▶ [Required action]:
Could you return, exactly as written, every line from the one containing "Tavaszi női sál pink alapon fehér minta" through the last line of the entries below, leaving out the pictures?

=== Begin Enclosure ===

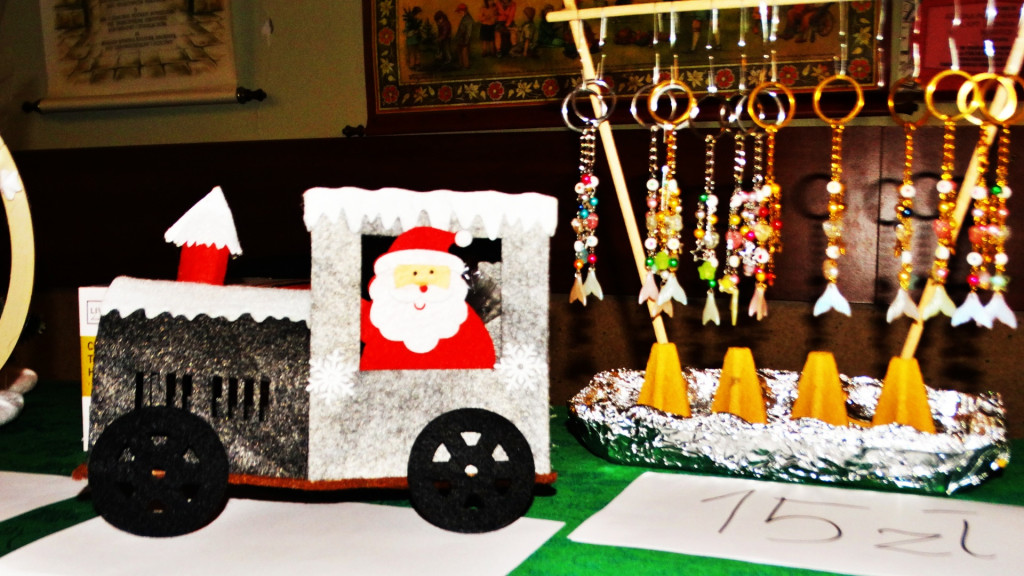 Ruszył charytatywny jarmark w Jedynce [FOTO]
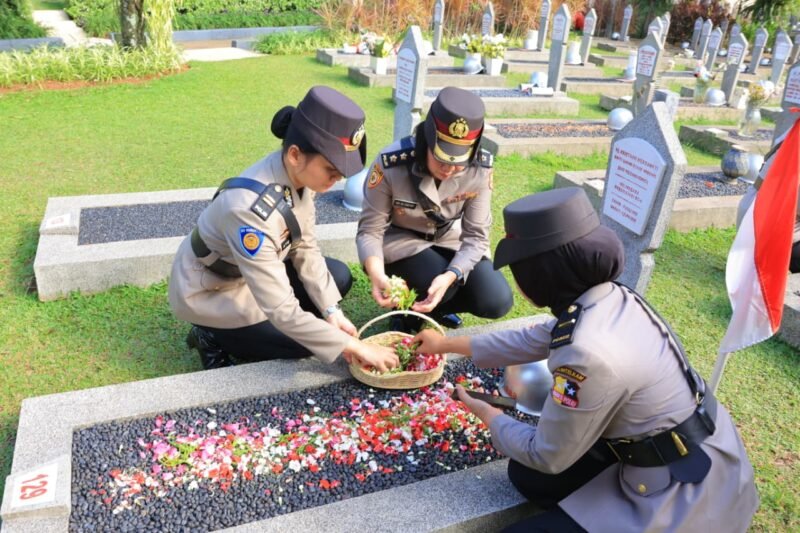 Polwan Mabes Polri melakukan prosesi tabur bunga di Taman Makam Pahlawan Kalibata, Jakarta Selatan, dalam rangka memperingati Hari Jadi ke-77 Polwan RI, Kamis (28/8/2025). (Dok-Polri)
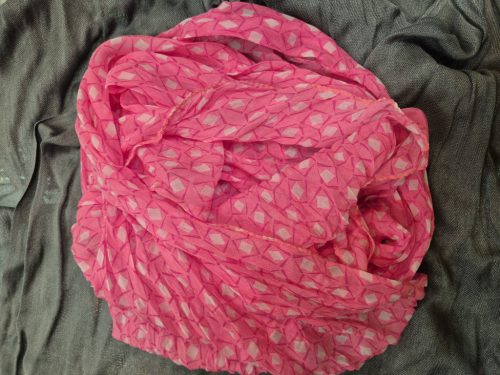Tavaszi női sál pink alapon fehér minta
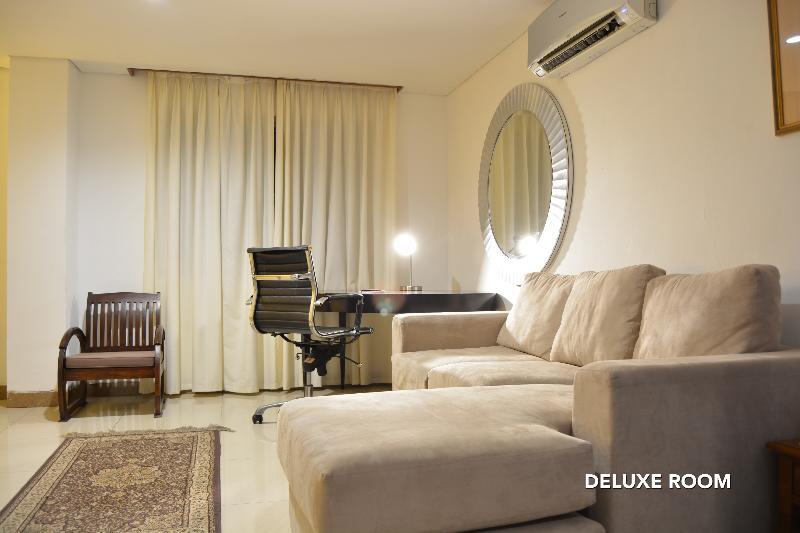 W Home Cikatomas Jakarta Ngoại thất bức ảnh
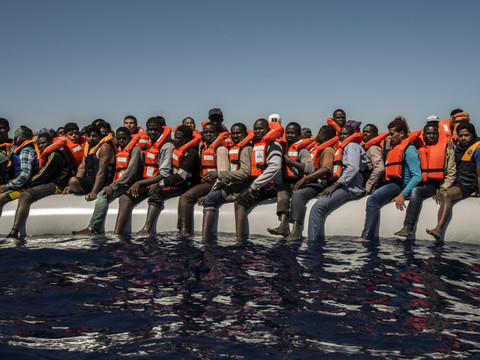 La Suisse continuera à accueillir des groupes de réfugiés reconnus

=== End Enclosure ===

▶ [Answer area]:
Tavaszi női sál pink alapon fehér minta
 W Home Cikatomas Jakarta Ngoại thất bức ảnh
 La Suisse continuera à accueillir des groupes de réfugiés reconnus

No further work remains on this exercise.